James shrugged, rolling his head around back to the seat cushion so he could look into the backseat via the rear view mirror. “I mean… yeah? Yeah. Same thing as with the physical life, right? We don’t make tools. We make family. And...maybe, like, that’s why Pendragon is the way she is. Why she was willing to fly into the depths of Officium Mundi to pull Dave out. Because no one told her she had to.”
“This *might* be you projecting.” Anesh pointed out. “I know for a fact you only have long hair because every time someone tells you that you should cut it, you refuse out of spite and the timer resets.”

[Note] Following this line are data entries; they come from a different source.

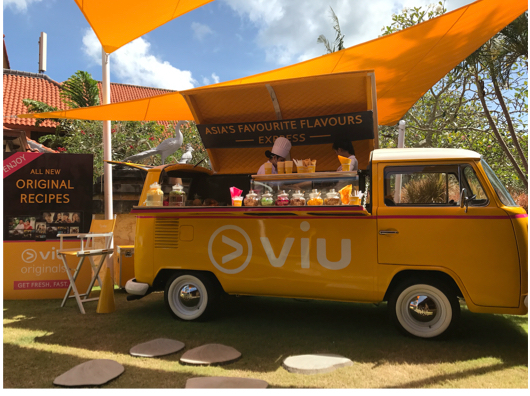 Viu brand experience: Asia's favourite flavours food truck activation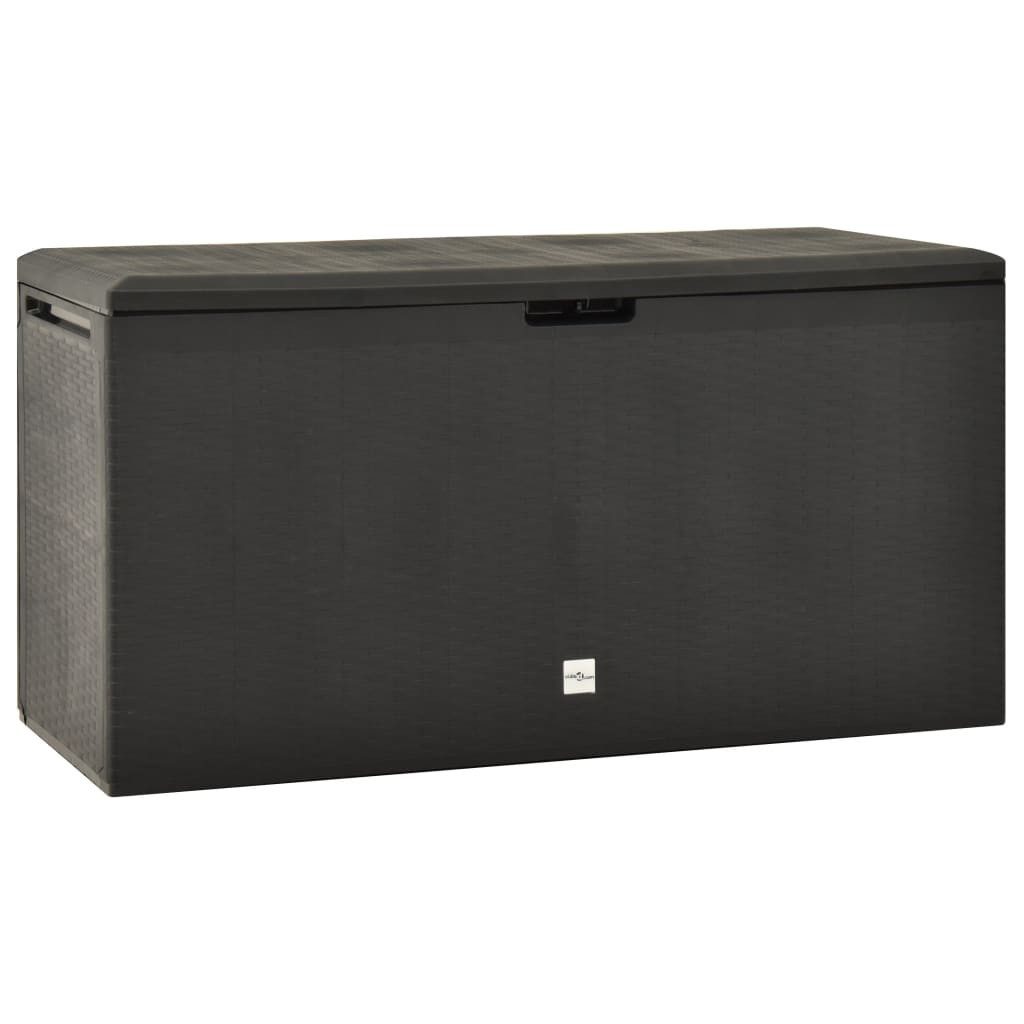 vidaXL Gartenbox Gartenbox Anthrazit 114x47x60 cm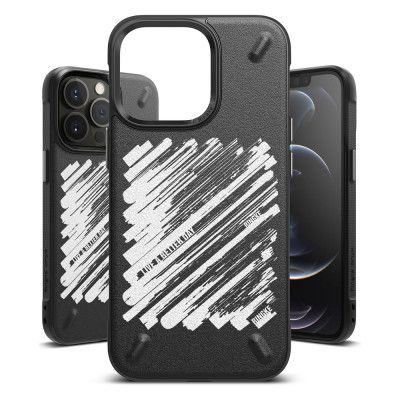 Ringke Onyx Paint Skal iPhone 13 Pro Max - Svart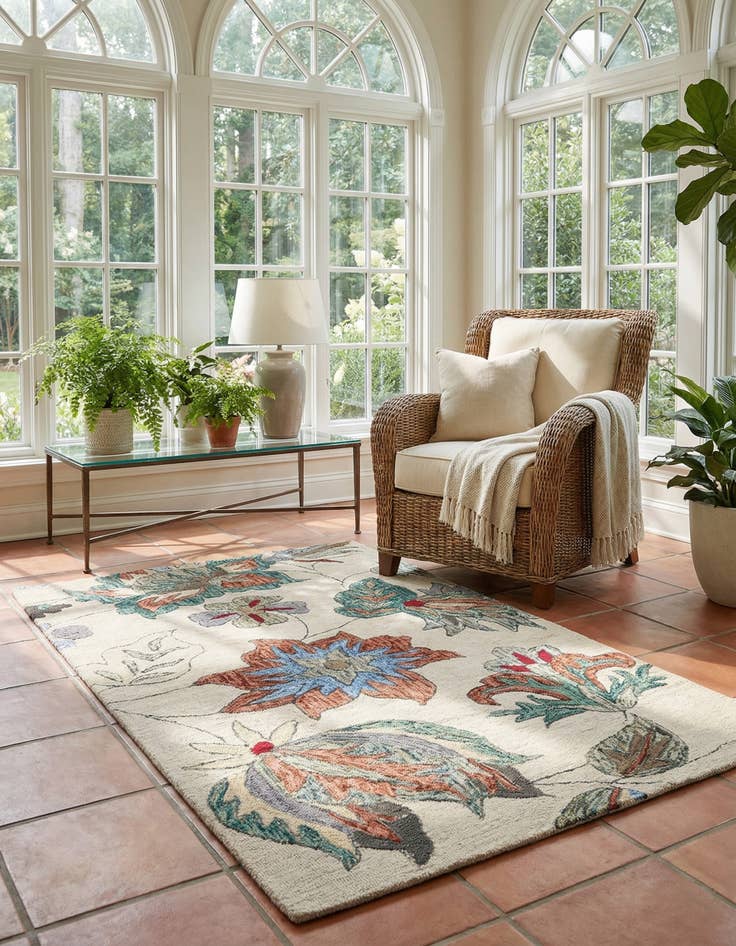 Detail image of 5' 1 x 8' Luna Rug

“Bah!” James exclaimed, but did not argue with what he knew was the truth. “But I do think I’m right.” He said, quieter.
“Well,” Anesh offered, “we’ve got a couple purples in the back. We could try, when we stop for the night.”
“Maybe!” James said. “For now… I’m gonna nap. I didn’t sleep well, and there’s nothing to see here but cows.”
“God, yeah, so many cows.” Anesh shook his head. “Enjoy your nap.” He said, and turned the music up a couple notches.
Just a normal day for the two of them. Halfway to where they’re heading.